• [EXERCISE AIM] Write out only the lines from the start of the entries up to and including the line with "Make Love - Not"; please skip the pictures.

(Web page caption snippets)
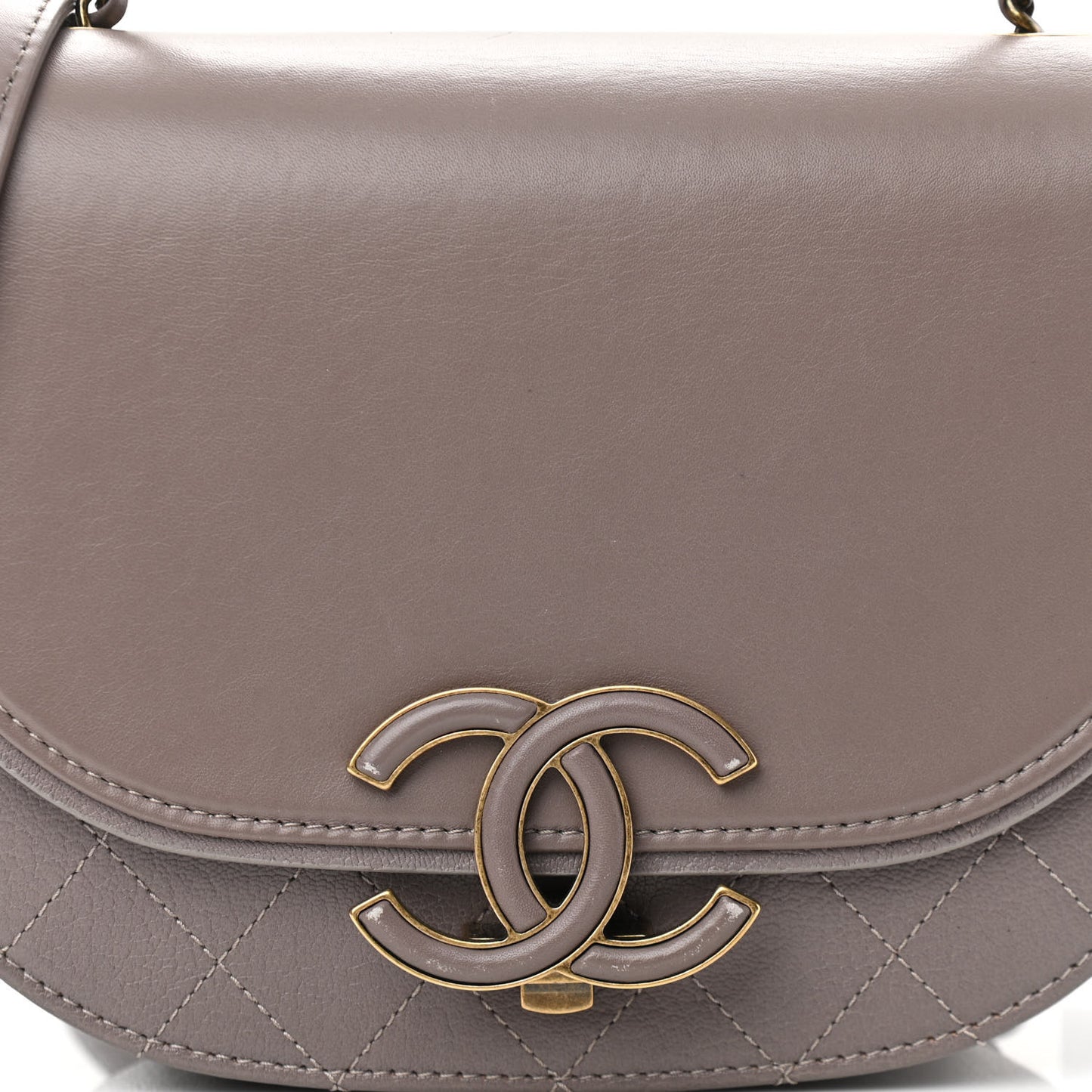 Shiny Calfskin Goatskin Quilted Small Coco Curve Messenger Flap Grey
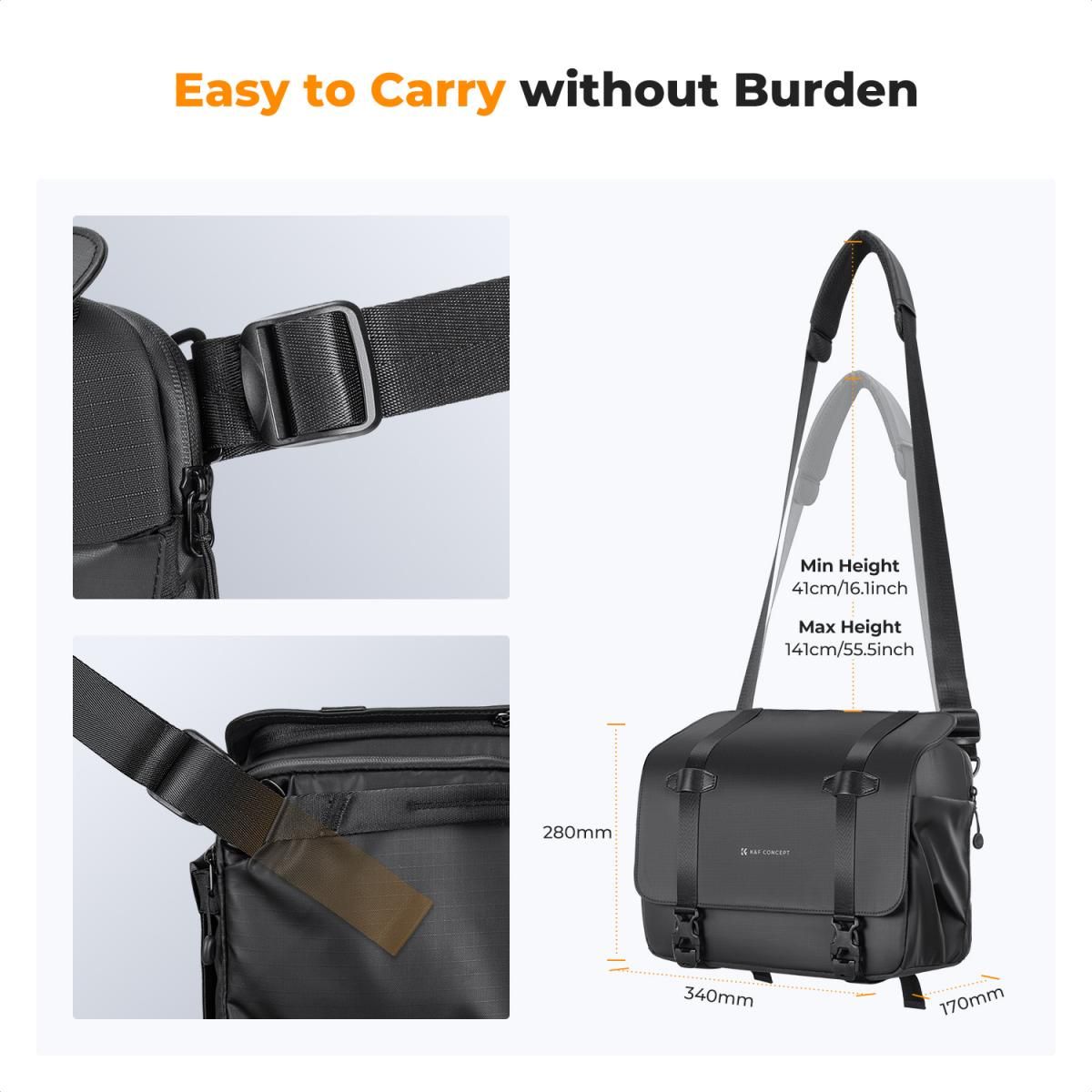 K&F Concept KF13.163 Τσάντα Φωτογραφικής Μηχανής Sling 10L Crossbody-Shoulder Camera Bag Urban Wander 10 (Μαύρο) - Image 5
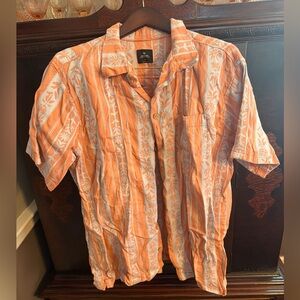 Rip Curl Men’s Size XL Orange & Blue Short Sleeve Button Down Shirt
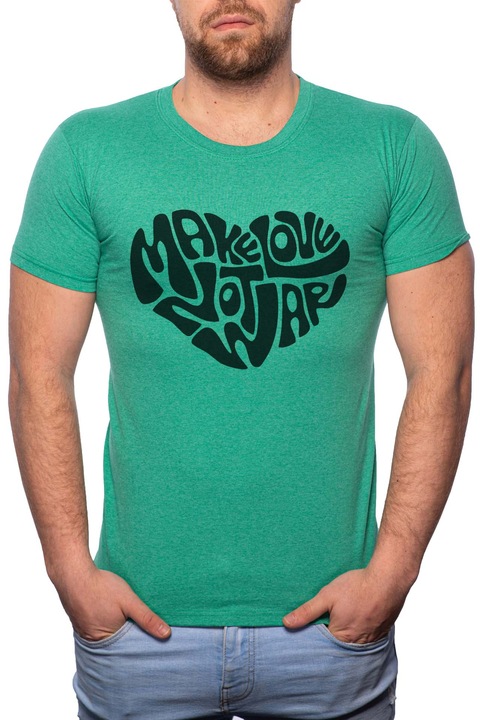 Make Love - Not War, Normál fazonú feliratos férfi poló, 100% Pamut, 559, Zöld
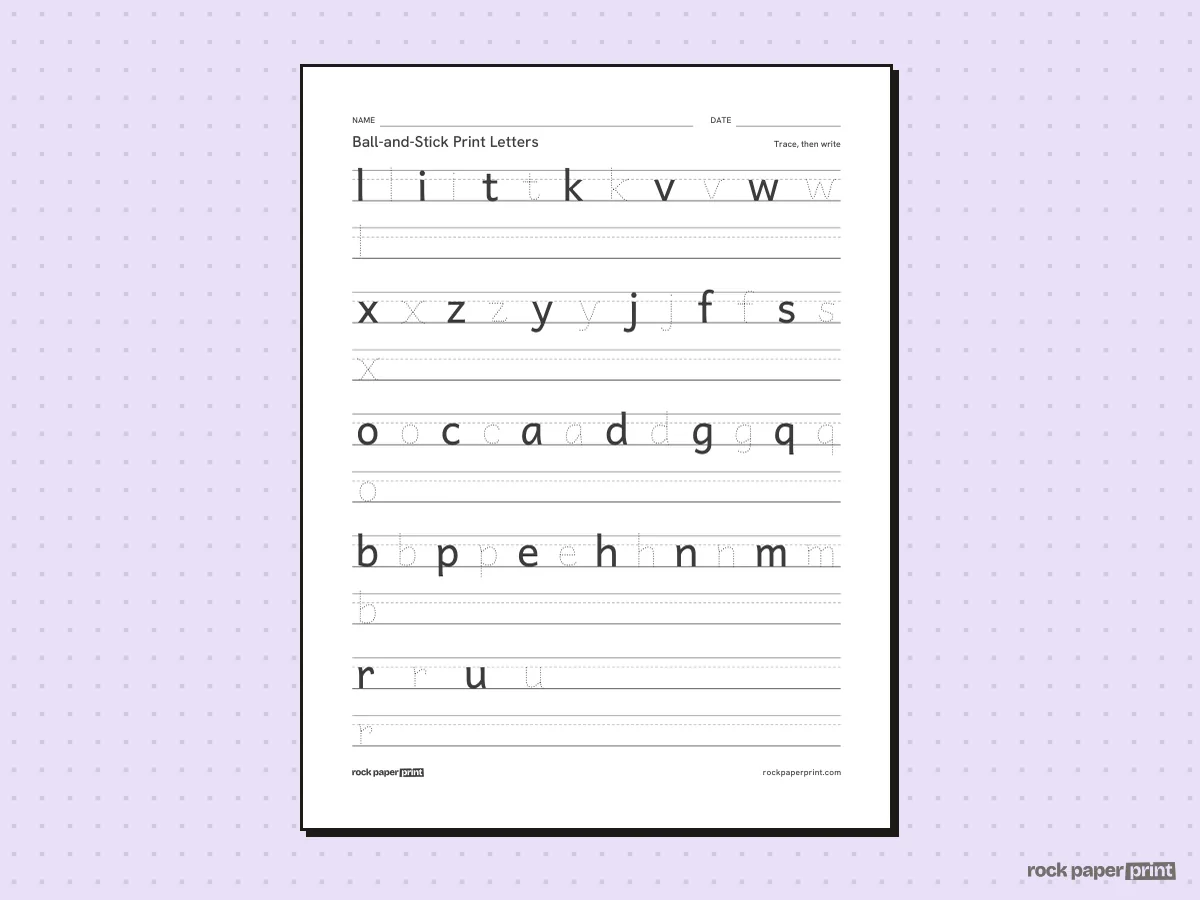 Ball-and-Stick Print Handwriting Worksheets, black lines, printable PDF preview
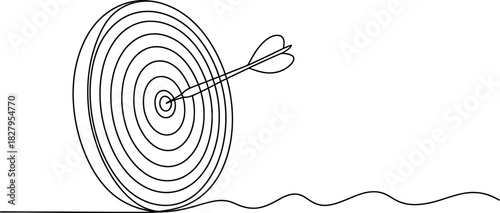 Continuous line drawing of a dart hitting the bullseye on a target board, symbolizing success, goal achievement, accuracy, and precision. Vector, illustration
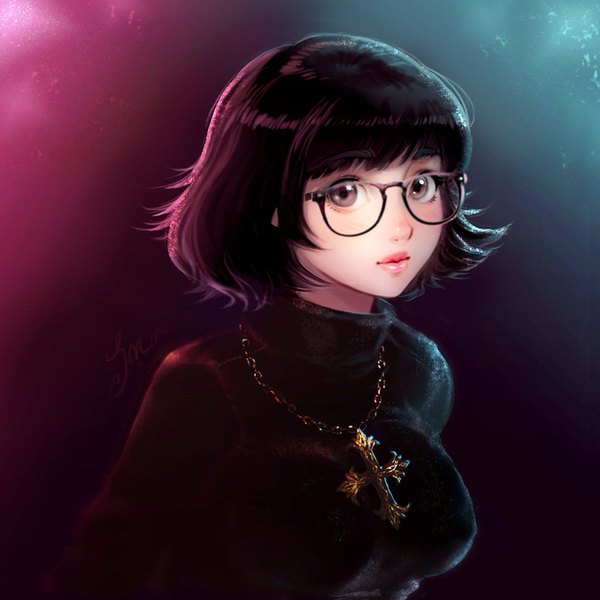 Anime picture 900x900 with hunter x hunter shizuku (hunter x hunter) sillyselly single looking at viewer fringe short hair breasts black hair simple background large breasts brown eyes signed upper body lips gradient background portrait girl glasses cross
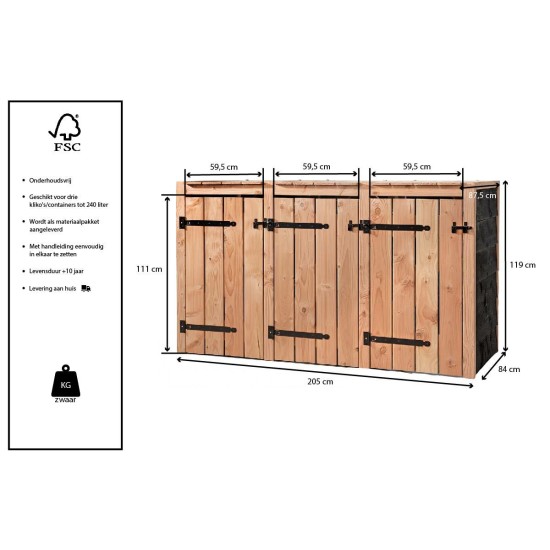 Kliko 3 containers ombouw Fleur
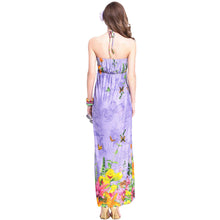 women beach dress bohemian print halterneck off shoulder beading ethnic backless party dress blue purple TIML66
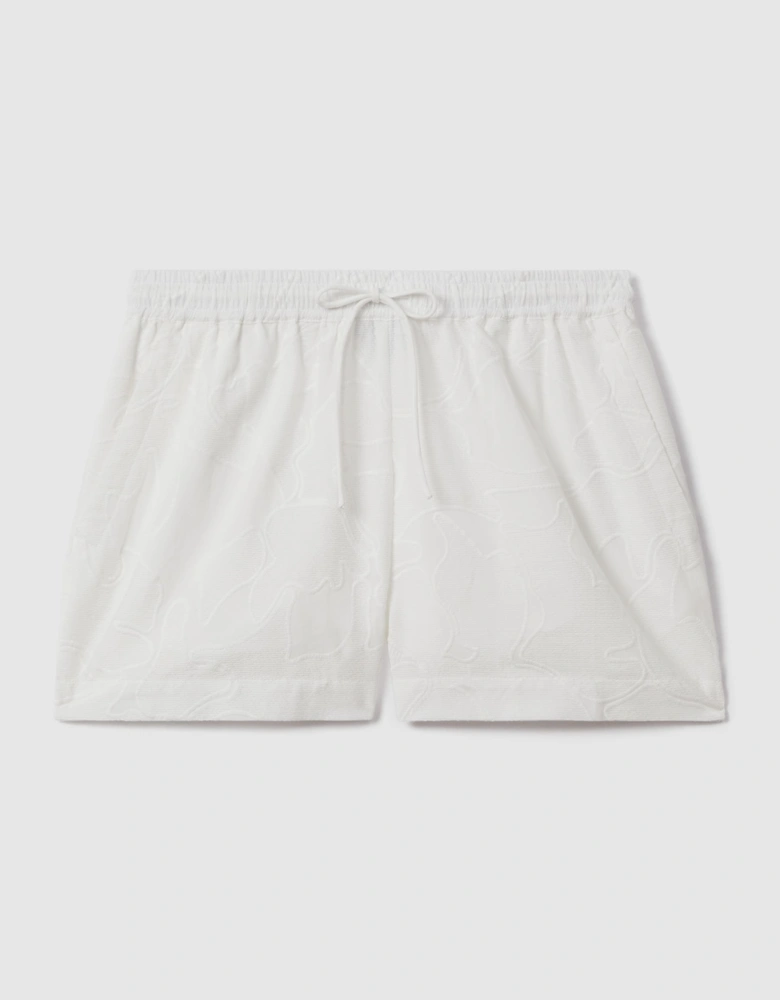 Cotton Embroidered Drawstring Shorts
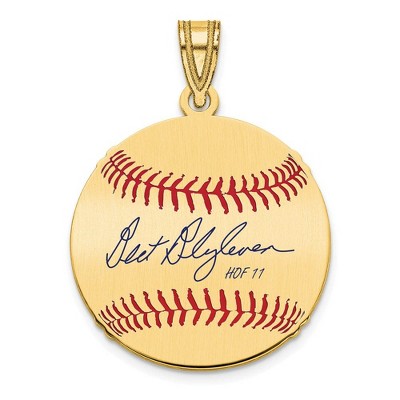 Black Bow Jewelry 14K Gold Plated Bert Blyleven Signature SM Enamel Baseball Pendant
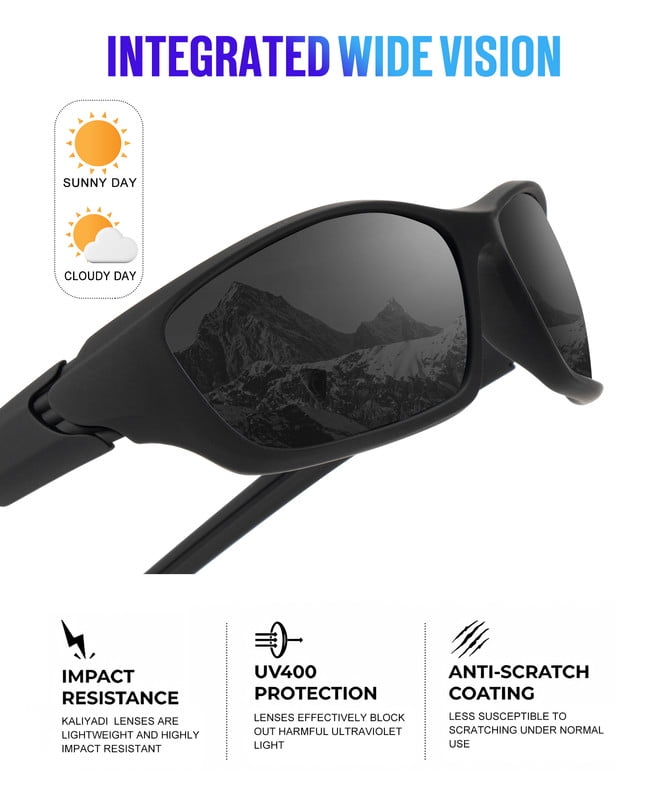 KALIYADI Polarized Sunglasses Men Sports Mens Sunglasses Women: Sun Glasses with UV400 Protection for Cycling Fishing Running WMKAS68-1-2-5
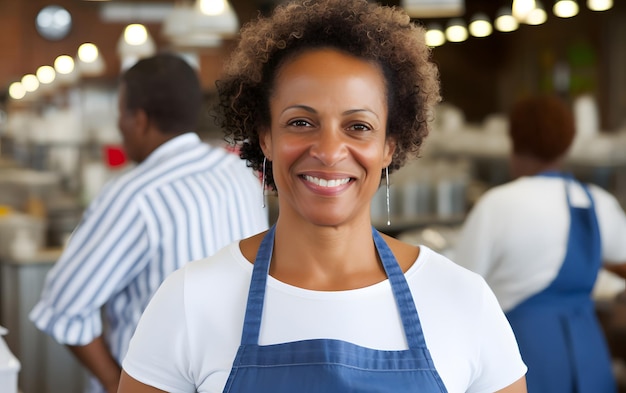 Photo une travailleuse souriante devant le magasin sur un fond flou concept de femme d'affaires locale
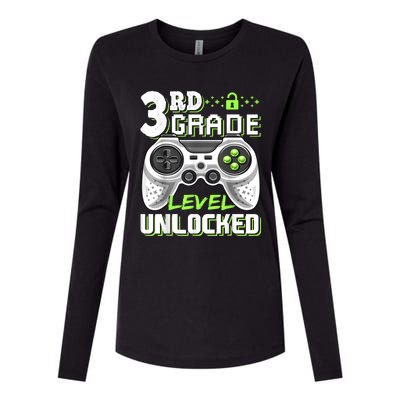 3rd Grade Level Unlocked Video Game Back To School Boy Womens Cotton Relaxed Long Sleeve T-Shirt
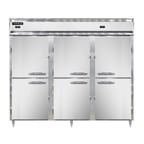 image of Continental Refrigerator DL3RFFES-SS-HD 85" 3-Section Reach-In Refrigerator/Freezer Combo w/ 6 Half Solid Doors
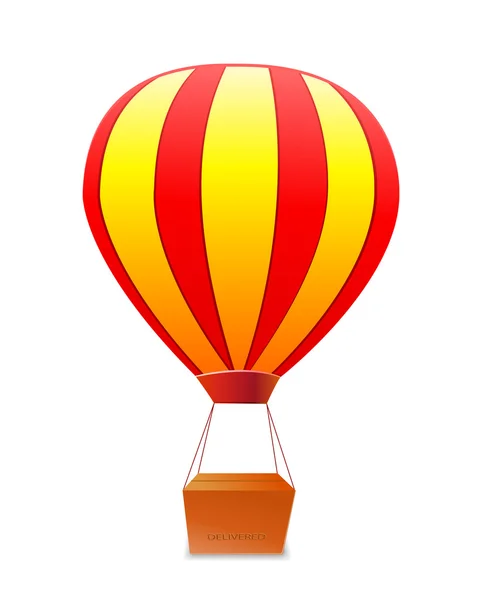 Gele rode gestreepte aerostat met doos — Stockvector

• [TASK ANSWER]
 Shiny Calfskin Goatskin Quilted Small Coco Curve Messenger Flap Grey
 K&F Concept KF13.163 Τσάντα Φωτογραφικής Μηχανής Sling 10L Crossbody-Shoulder Camera Bag Urban Wander 10 (Μαύρο) - Image 5
 Rip Curl Men’s Size XL Orange & Blue Short Sleeve Button Down Shirt
 Make Love - Not War, Normál fazonú feliratos férfi poló, 100% Pamut, 559, Zöld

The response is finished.